Dari penjelasan yang  dikeluarkan  bersama dengan Proklamasi Truman  tersebut yang mendorong diadakannya proklamasi tersebut adalah kebutuhan untuk  mencadangkan kekayaan mineral terutama minyak bumi untuk kepentingan Amerika  Serikat dan mengatur exploitasi dengan sebaik-baiknya.
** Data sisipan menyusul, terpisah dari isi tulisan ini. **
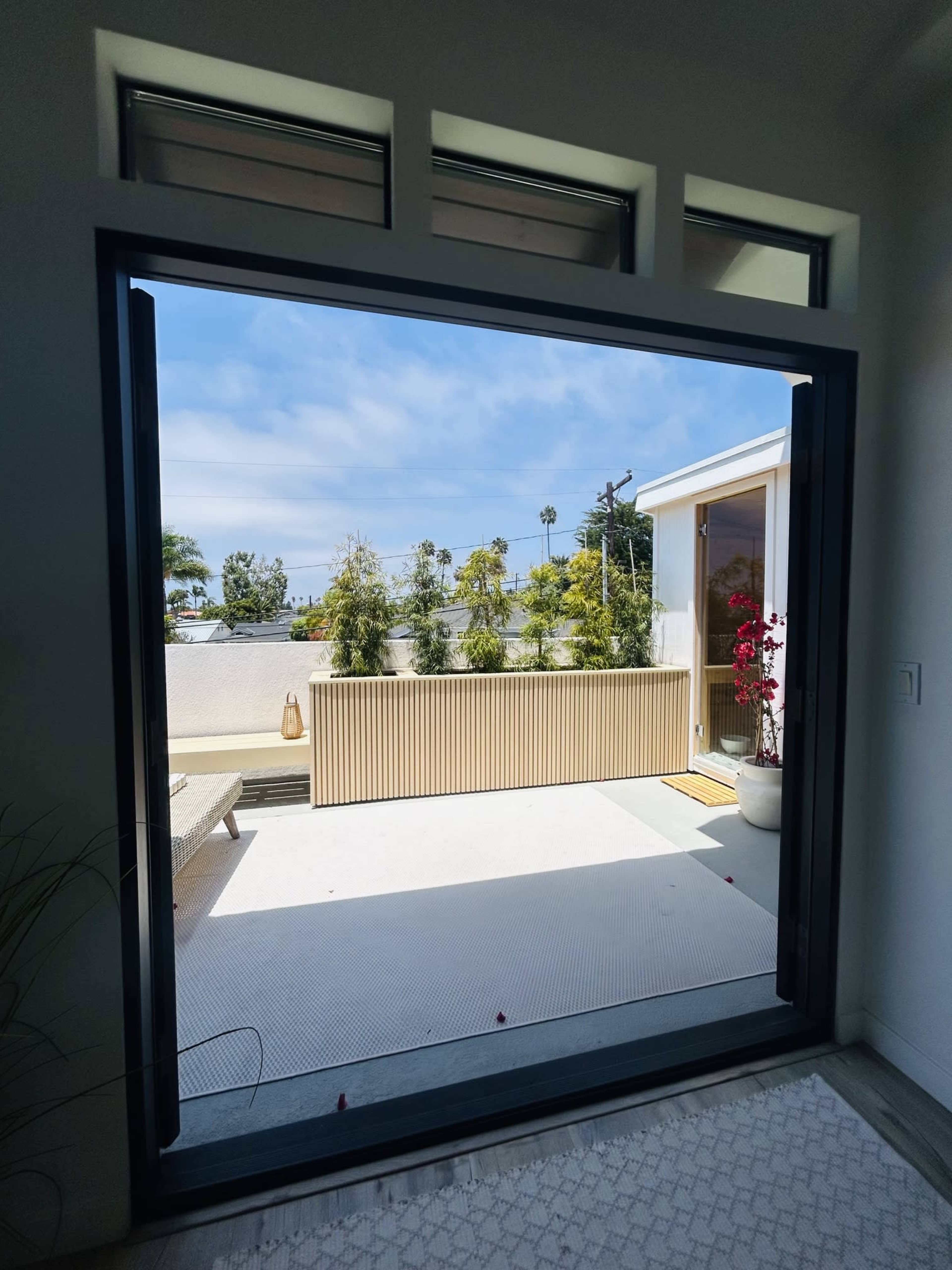A wide open sliding door reveals a patio with potted plants and a clear blue sky.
Dari hasil penelitian dapat diperoleh keyakinan, bahwa daerah seluas 760.000 mil persegi di “continental shelf”  atau daerah di bawah permukaan laut, yang berbatasan dengan pantai Amerika  Serikat mengandung banyak cadangan-cadangan minyak bumi dan mineral lainnya  dan didukung oleh teknik pengeboran lepas pantai yang memungkinkan pengambilan  atau penggalian sumber-sumber kekayaan alam tersebut.
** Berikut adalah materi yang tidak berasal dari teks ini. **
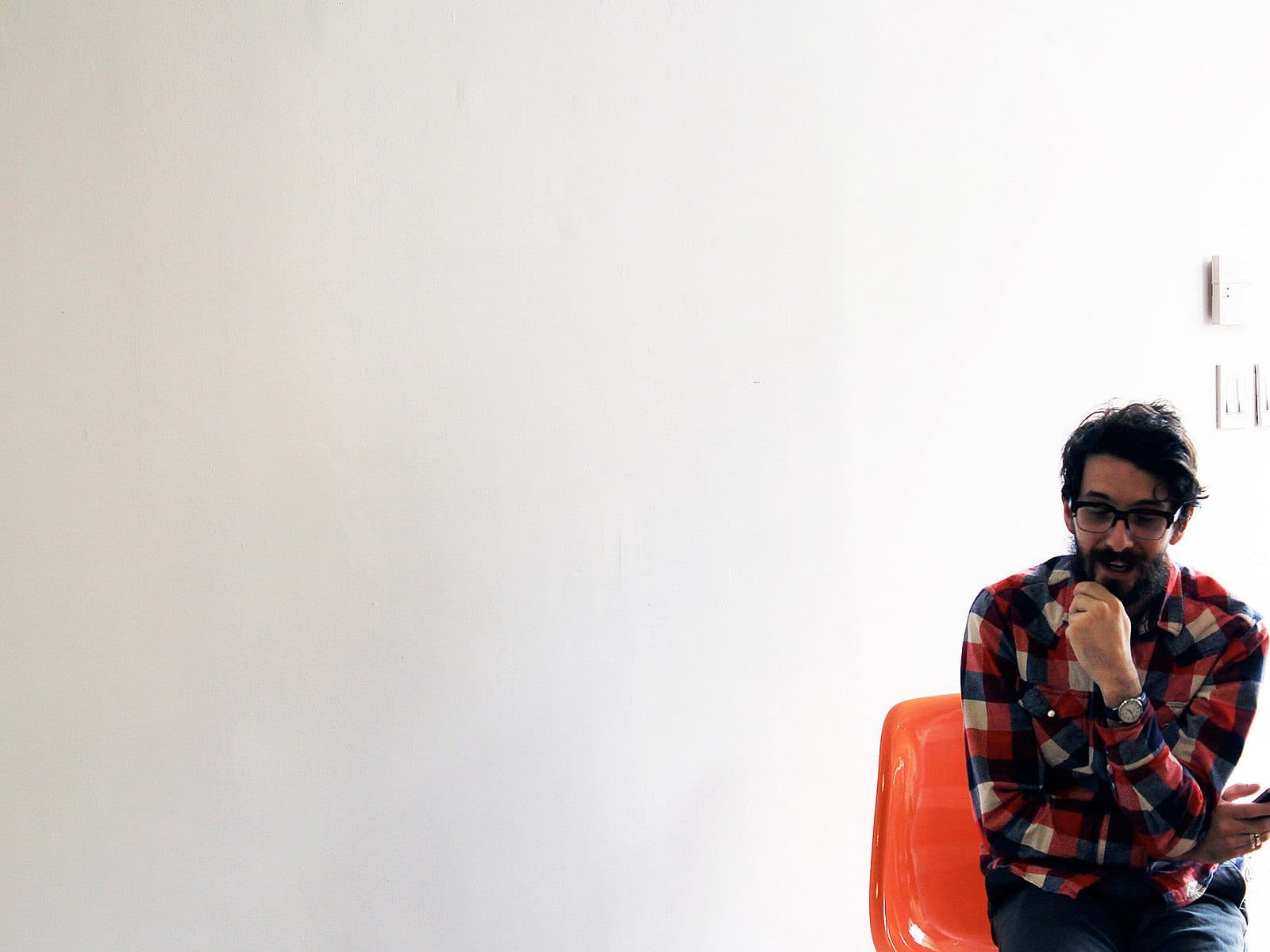 A man with glasses and a beard sits on an orange chair against a white wall. He is wearing a red and white plaid shirt and is holding a smartphone in his right hand while resting his left hand near his mouth. The room appears minimalistic.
Adapun landasan teori yang dikemukakan Amerika Serikat untuk mengambil tindakan tersebut, karena “continental shelf” dapat dianggap sebagai kelanjutan  alamiah (“natural prolongation”) daripada wilayah  daratan Amerika Serikat dan  bagaimanapun usaha-usaha untuk mengolah kekayaan yang terkandung di dalamnya memerlukan kerjasama dan perlindungan dari pantai, dan berada di  bawah yurisdiksi dan kontrolnya. Tindakan Amerika Serikat ini  tidak mengganggu  kebebasan pelayaran di laut lepas yang  berada di atas continental shelf.  Dan  menegaskan bahwa kedaulatan atau  yurisdiksi penuh tetap terbatas pada laut  teritorial  3 mil. (lihat, Mochtar, Bunga Rampai .., hal. 109-110).
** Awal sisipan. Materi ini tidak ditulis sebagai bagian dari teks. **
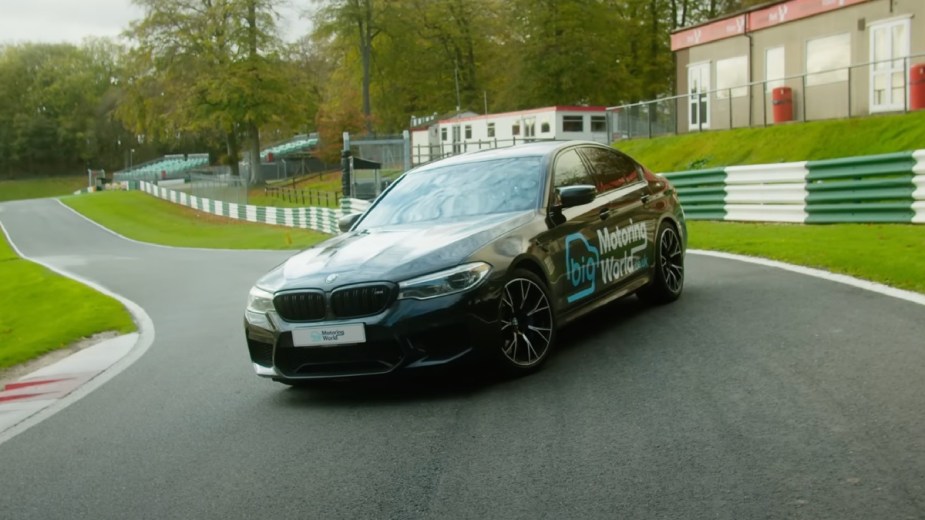 Black BMW M5 Competition, which drove at speeds of 110 mph on Cadwell Park racetrack for job interview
Dengan memperhatikan konfigurasi dasar laut sebagaimana yang telah dijelaskan, maka doktrin Truman mengenai “continental shelf” ini merupakan  tonggok sejarah dalam perkembangan hukum laut yang didasarkan atas pengertian  geologis “continental shelf” atau dataran kontinen. Pada waktu itu Presiden Truman  belum  lagi  menentukan kriteria apa yang dinamakan dengan “continental shelf”  tersebut, tapi menegaskan Amerika Serikat  tidak menuntut “continental shelf”  sebagai wilayah Amerika Serikat, melainkan hanya menuntut kekayaan alamnya,  dan status perairan di atasnya tetap sebagai laut lepas (Mochtar, hal. 84-85).
Sebenarnya di dalam  sejarah  hukum  laut sudah ada preseden daripada  penguasaan atau pengambilan kekayaan alam dari dasar laut, seperti penambangan  batubara di Selat Inggris  (English  Channell) di Cornwall dan pengambilan mutiara  dari dasar laut dekat pantai Ceylon dan di teluk Persia yang di dasarkan atas hukum  kebiasaan  yang berlaku sejak dahulu kala.  Lain daripada itu perjanjian antara  Venezuela dan Inggris tahun 1942  yang membagi dasar laut yang terletak antara  Venezuela dan Trinidad dan Tabago di luar laut teritorial Inggris dan Venezuela.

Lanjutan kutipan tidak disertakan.